Problem → Transcribe every line below exactly; no image goes into the output.

Data provided Block Start

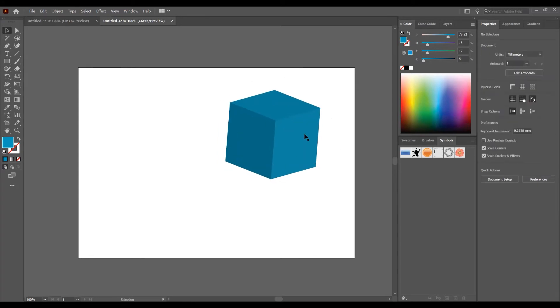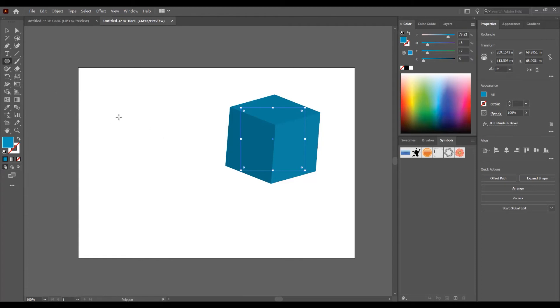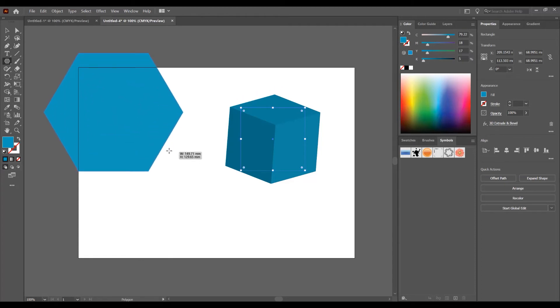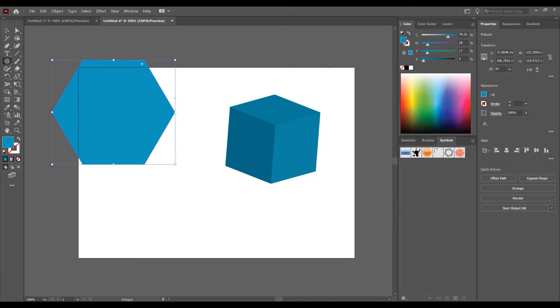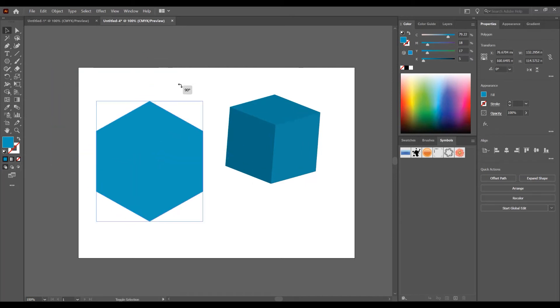In the second way, I want to show you the second way to create a 3D cube effect. In the left side, go to the polygon tool, click on polygon tool and press shift to create this polygon. Press shift and I want to rotate to 90 degrees.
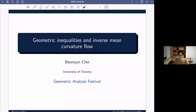Hello everyone. My name is Bumjun Choi and I'm glad to give a talk at this geometric analysis festival. Today I'm going to talk about geometric inequalities and the inverse mean curvature flow. I work on curvature flows like inverse mean curvature flow, mean curvature flow, or the Ricci flow. Until last year I knew these flows are used in showing geometric inequalities but hadn't studied them in depth. Once I learned this I thought it's very beautiful and wanted to introduce it to others.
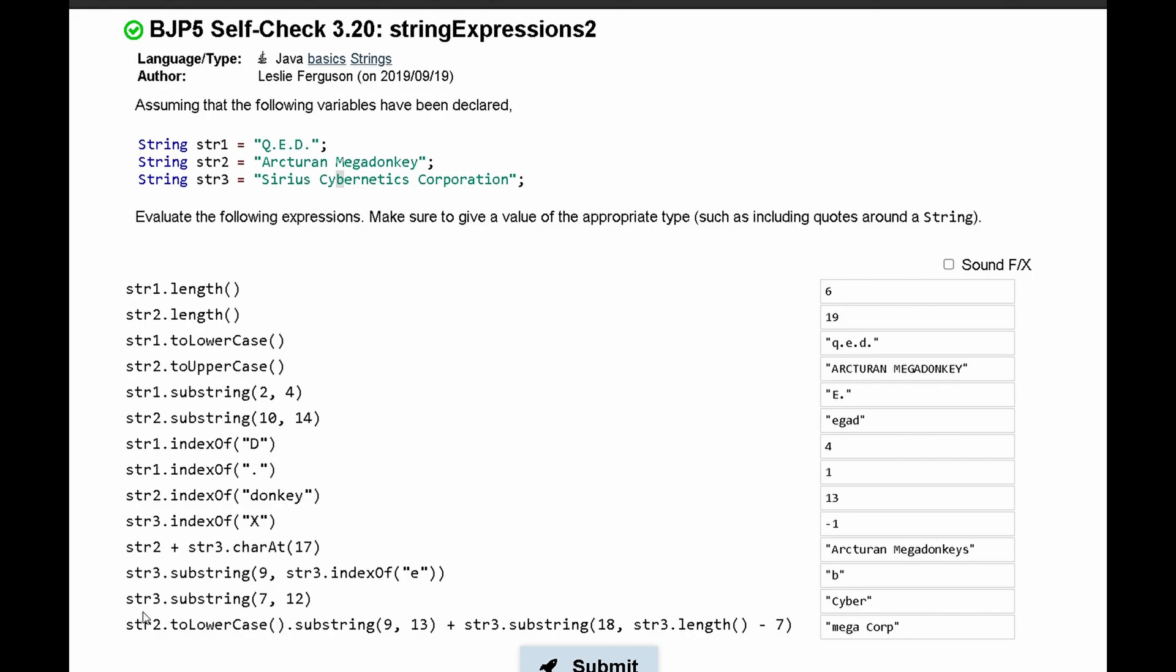Next, we have str3.substring(7,12). And so we're just going to print out the characters from 7 through 12, not including 12. Next, we have str2.toLowerCase().substring(9,13). So what this is doing is it is looking at our second string, and it is getting the substring from this that is between indexes 9 and 13, which is 'mega'. And in here, mega, or the M is capitalized, but since we're doing toLowerCase, it makes it lowercase.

Data provided Block End

Solution for this exercise →
In the second way, I want to show you the second way to create a 3D cube effect. In the left side, go to the polygon tool, click on polygon tool and press shift to create this polygon. Press shift and I want to rotate to 90 degrees.
Hello everyone. My name is Bumjun Choi and I'm glad to give a talk at this geometric analysis festival. Today I'm going to talk about geometric inequalities and the inverse mean curvature flow. I work on curvature flows like inverse mean curvature flow, mean curvature flow, or the Ricci flow. Until last year I knew these flows are used in showing geometric inequalities but hadn't studied them in depth. Once I learned this I thought it's very beautiful and wanted to introduce it to others.
Next, we have str3.substring(7,12). And so we're just going to print out the characters from 7 through 12, not including 12. Next, we have str2.toLowerCase().substring(9,13). So what this is doing is it is looking at our second string, and it is getting the substring from this that is between indexes 9 and 13, which is 'mega'. And in here, mega, or the M is capitalized, but since we're doing toLowerCase, it makes it lowercase.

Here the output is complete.